Supplied data
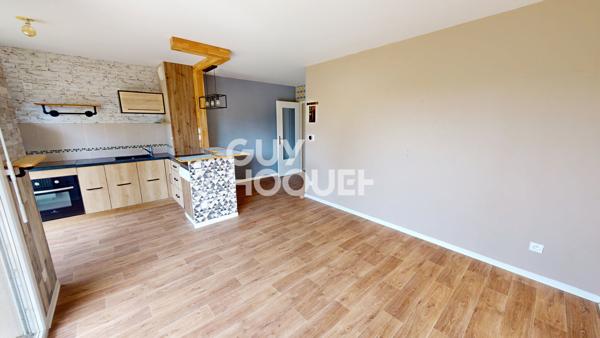 Appartement à vendre de 3 pièces de 59 m²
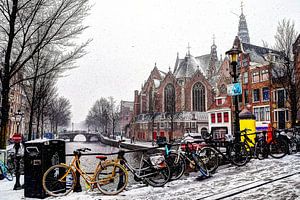 Nieuwe Kerk Amsterdam Winter
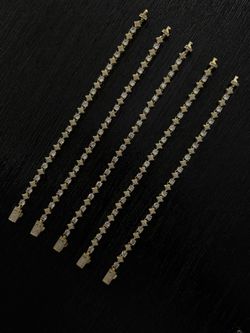 Star Tennis Bracelet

Exercise directions
Line by line, restate the data above exactly as it stands, minus the pictures.

Task solution
 Appartement à vendre de 3 pièces de 59 m²
 Nieuwe Kerk Amsterdam Winter
 Star Tennis Bracelet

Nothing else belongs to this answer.